The report prepared by its Chief Group Economic Advisor Soumya Kanti Ghosh shows that combined cost if a price deficiency based market intervention scheme is implemented for wheat, paddy, bajra and maize on a conservative basis would be less than Rs 115 billion.
This calculation is based on the 2016-17 MSPs which in case of wheat alone was 104 per cent more than the A2+FL cost as calculated by the Commission for Agriculture Costs and Prices (CACP).
The report also discounts the popular perception that introduction of Madhya Pradesh’s Price Deficiency Financing Scheme (Bhaawantar Bhugtan Yojana) artificially depressed prices during the September to December period as urad prices had not only declined in Madhya Pradesh, but also in Chhattisgarh, Maharashtra and Uttar Pradesh.
In case of wheat, the report said that assuming that all production comes to the market and after adjusting the procurement figure, the total cost of deficiency payment comes out to be around Rs 23.25 billion.
If the monthly average price is taken instead of minimum price, then the total expenditure comes even lower at Rs 6.5 billion.
For wheat, SBI has arrived at the figure in each after deducting the state procurement from the total production.
This is then multiplied by the difference between average market price and MSP or the minimum market price and MSP.
The wheat MSP of 2016-17 season which is around Rs 1,625 per quintal has been taken for this purpose.
An updated MSP would obviously boost this expenditure figure.

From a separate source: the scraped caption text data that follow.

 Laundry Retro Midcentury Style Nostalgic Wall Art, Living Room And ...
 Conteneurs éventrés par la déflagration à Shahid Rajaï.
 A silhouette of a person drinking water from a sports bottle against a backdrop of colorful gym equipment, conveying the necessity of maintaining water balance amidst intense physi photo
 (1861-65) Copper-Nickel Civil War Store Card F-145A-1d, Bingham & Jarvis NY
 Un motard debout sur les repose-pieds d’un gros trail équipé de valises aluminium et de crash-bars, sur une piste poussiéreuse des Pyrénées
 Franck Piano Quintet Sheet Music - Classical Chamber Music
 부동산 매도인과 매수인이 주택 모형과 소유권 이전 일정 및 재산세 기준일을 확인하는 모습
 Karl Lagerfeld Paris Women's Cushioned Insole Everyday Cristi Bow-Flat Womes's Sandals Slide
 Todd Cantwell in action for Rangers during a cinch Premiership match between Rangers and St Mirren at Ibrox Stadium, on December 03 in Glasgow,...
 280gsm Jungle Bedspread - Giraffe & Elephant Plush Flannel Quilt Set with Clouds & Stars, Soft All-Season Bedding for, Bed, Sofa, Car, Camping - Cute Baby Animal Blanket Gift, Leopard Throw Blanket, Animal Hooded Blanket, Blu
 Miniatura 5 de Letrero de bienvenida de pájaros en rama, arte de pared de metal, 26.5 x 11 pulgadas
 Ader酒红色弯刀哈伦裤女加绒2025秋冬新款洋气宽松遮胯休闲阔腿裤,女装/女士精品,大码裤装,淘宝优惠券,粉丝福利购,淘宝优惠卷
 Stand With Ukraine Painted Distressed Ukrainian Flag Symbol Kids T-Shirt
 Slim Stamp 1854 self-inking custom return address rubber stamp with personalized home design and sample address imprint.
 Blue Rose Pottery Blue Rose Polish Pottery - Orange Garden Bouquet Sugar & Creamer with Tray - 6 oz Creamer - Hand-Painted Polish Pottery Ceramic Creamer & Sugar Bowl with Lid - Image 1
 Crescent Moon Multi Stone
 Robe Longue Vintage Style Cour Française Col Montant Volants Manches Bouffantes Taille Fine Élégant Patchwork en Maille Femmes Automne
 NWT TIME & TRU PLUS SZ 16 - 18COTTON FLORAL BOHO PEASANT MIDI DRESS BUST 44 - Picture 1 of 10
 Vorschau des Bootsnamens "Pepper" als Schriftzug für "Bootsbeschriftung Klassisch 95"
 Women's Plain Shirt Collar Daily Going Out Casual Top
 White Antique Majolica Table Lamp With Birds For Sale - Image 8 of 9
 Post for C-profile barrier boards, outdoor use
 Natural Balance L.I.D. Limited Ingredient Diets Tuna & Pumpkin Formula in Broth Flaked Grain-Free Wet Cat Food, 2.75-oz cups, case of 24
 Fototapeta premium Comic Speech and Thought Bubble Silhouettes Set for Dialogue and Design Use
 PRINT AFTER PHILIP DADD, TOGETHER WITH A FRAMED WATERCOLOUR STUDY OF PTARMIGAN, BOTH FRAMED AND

“We found out that there has been downward pressure on market prices during the post-harvest period, but the difference between the market price and MSP varies from state to state.
Even for some states, the post-harvest price is higher than MSP,” the report said. It said that in a state like Gujarat, Maharashtra, Karnataka and Jharkhand, the market price ( both minimum and average price) was higher than MSP in 2017.
“Hence, if the government is not able to procure all the major crops and decides to transfer the MSP based deficiency payment directly to farmers, the overall burden will be much less than what is being envisaged in public domain,” the report said.